For example, the light sources LS1, LS2, LS3, and LS4 may be arranged in a lattice form. Based on the smallest rectangular region RCT having the light sources LS1, LS2, LS3, and LS4 as vertices, the second region AR2′ may be located inside the rectangular region RCT, and the first region AR1′ may have the vertex of the rectangular region RCT′ as its center. The first region AR1′ and the second region AR2′ may not overlap with each other. The first region AR1′ and the second region AR2′ may be spaced apart from each other.

As depicted in FIG. 10, the areas of the light output patterns LOP may be equal to each other. A distance between the adjacent light output patterns LOP may gradually increase or decrease in the first DR1 and second (DR2) directions respectively.

For example, the light output patterns LOP may include a first light output pattern LOP11′, a second light output pattern LOP12′, and a third light output pattern LOP13′ which are sequentially arranged in the first direction DR1. The first light output pattern LOP11′ may be the light output pattern that is closest to the first light source LS1. The areas of the first light output pattern LOP11′, the second light output pattern LOP12′, and the third light output pattern LOP13′ may be equal to each other. Here, a distance between the center of the first light output pattern LOP11′ and the center of the second light output pattern LOP12′ may be larger than a distance between the center of the second light output pattern LOP12′ and the center of the third light output pattern LOP13′. However, distances between the centers of the adjacent two light output patterns LOP may gradually increase from the middle of the light output pattern LOP to the second light source LS2 along the first direction DR1.

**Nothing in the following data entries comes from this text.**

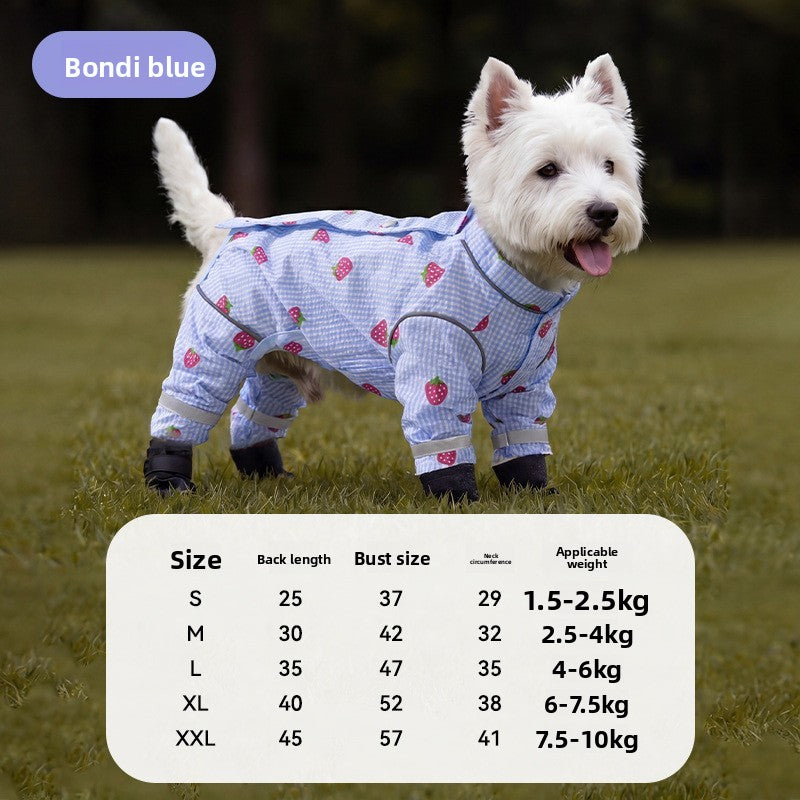Four leg dog coverall with lead attachment, available in 2 colours, image 35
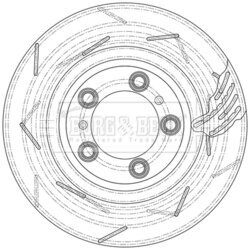Brzdový kotúč BORG & BECK BBD6142S - obr. 1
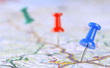 pushpin on map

Furthermore, the light output patterns LOP may further include a fourth light output pattern LOP14′ and a fifth light output pattern LOP15′ that are sequentially arranged from the first light output pattern LOP11′ in the second direction DR2. Although FIG. 10 shows that the first direction DR1 is perpendicular to the second direction DR2, the first direction DR1 may not be perpendicular to the second direction DR2 in another embodiment.

Here, the areas of the first light output pattern LOP11′, the fourth light output pattern LOP14′, and the fifth light output pattern LOP15′ may be equal to each other. A distance between the center of the first light output pattern LOP11′ and the center of the fourth light output pattern LOP14′ may be larger than a distance between the center of the fourth light output pattern LOP14′ and the center of the fifth light output pattern LOP15′. However, the distances between the centers of the adjacent two light output patterns LOP may gradually increase from the middle of the light output pattern LOP to the second light source LS2 along the second direction DR2 to the third light source LS3.

FIG. 11 is a diagram illustrating a diffusion layer in accordance with an embodiment of the present disclosure.

Referring to FIG. 11, the diffusion layer DFF may be a fiber diffuser including a plurality of fibers FBS. The diffusion layer DFF may have a structure in which the plurality of fibers FBS is irregularly entangled.

An existing diffusion plate or diffusion sheet includes beads so that diffusion occurs in the diffusion sheet, or includes beads on an outer surface so that diffusion occurs on the outer surface.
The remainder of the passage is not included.